In Mexico and Central America, it adds, China has become one of the main sources of imports, while exports to China have not increased significantly.

But the ECLAC report calls on Mexico and the rest of the region to prepare for an imminent reality: by 2020, China will be the region's second largest export market, overtaking the European Union and treading on the heels of the United States.

Mexico's foreign trade strategy has revolved around the North American Free Trade Agreement (NAFTA) between this country, Canada and the United States ever since the treaty came into force in 1994.

NAFTA has boosted Mexican exports to the United States, at the cost of increasing its dependence on its northern neighbour, with which it shares a 3,326-kilometre border.

Mexico prides itself on being the "world champion" of trade agreements, having signed 38, with countries on every continent.

In contrast, China has used its increasing weight as a world power to consolidate and diversify its markets, without turning its back on trade liberalisation programmes. To date it has seven free trade agreements in operation, the most recent one implemented in March with Peru, while four more are being negotiated.

Economically, the two countries are at very different levels. Mexico was hit hard by the global economic crisis that originated in the United States in 2008, while China was only slightly affected.

In 2009, Mexico's GDP fell by nearly seven percent, while China's grew by 7.9 percent.

According to official figures in China, since November 2009 its foreign trade has returned to net growth, with a year-on-year increase of 9.8 percent. In November, Chinese imports increased by 27 percent compared to the same month in 2008, while exports fell by 1.2 percent, a sign of economic strength, the authorities emphasised.

The bilateral trade balance is in favour of China, which sold 32.5 billion dollars' worth of goods to Mexico in 2009, while buying 2.2 billion dollars' worth, according to Mexico's National Institute of Statistics, which highlights that China is Mexico's seventh largest supplier.

Mexico is also seeing U.S. investment fleeing the country and pouring into China, said Ortiz. "China has practically become the United States' 'maquiladora' (labour-intensive factories assembling imported materials for re-export)," he commented.

According to experts, the gains Mexico made in the U.S. market are being lost to China, which joined the World Trade Organisation (WTO) in 2001 and opened its market to foreign products.

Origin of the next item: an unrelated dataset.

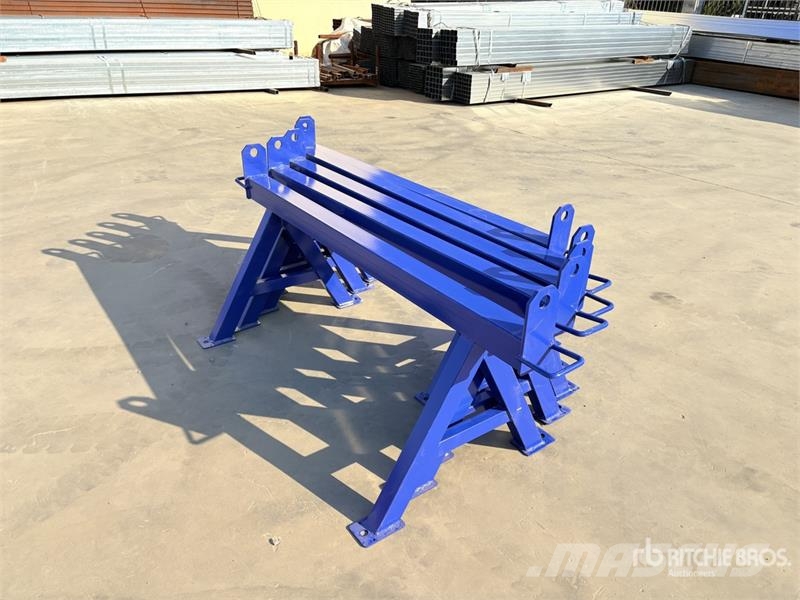 Quantity of (5) Suihe SW Sawhorses (Unused) Drugi deli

Mexico, the second largest economy in Latin America, has failed to take full advantage of its proximity to the largest world market and of the logistical advantages it enjoys for selling its goods across the border.

China, the analysts say, fights back with different competitive advantages: its low labour costs, attractiveness to foreign investors and productive power to manufacture cheap export goods.

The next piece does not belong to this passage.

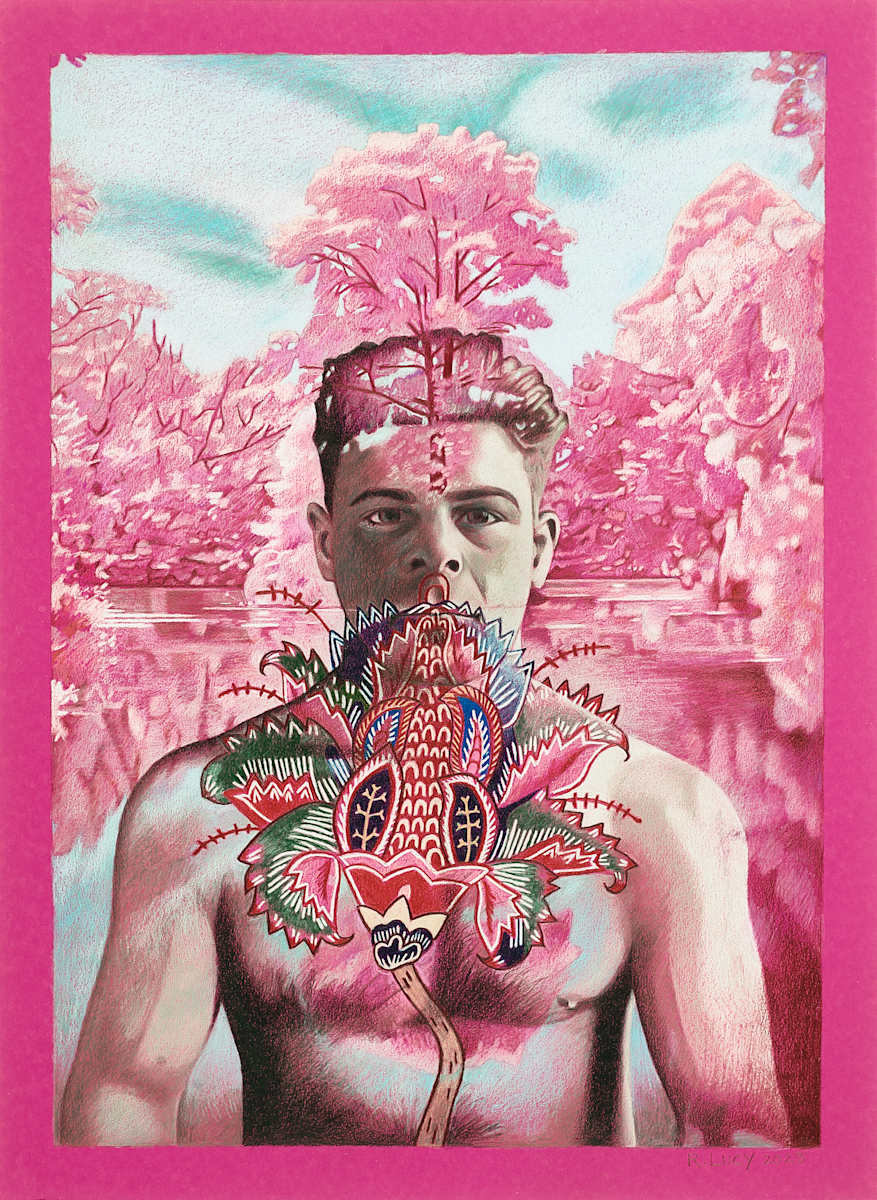 Garden by Robert Lucy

"One task (for Mexico) is to use its geographical position to set up joint ventures, particularly productive alliances in business and technology that would encourage more bilateral exchange, and probably more Chinese investment, taking advantage of the benefits of NAFTA," ECLAC's Rosales suggested.

Between 2003 and 2008, China invested 1.1 billion dollars in Mexico, in the automotive, manufacturing, electronics and mining sectors, according to ECLAC.

In Rosales' view, it is essential to agree a regional agenda to do business with China. ECLAC also says the asymmetry between Mexico and China "must be addressed in their respective trade strategies."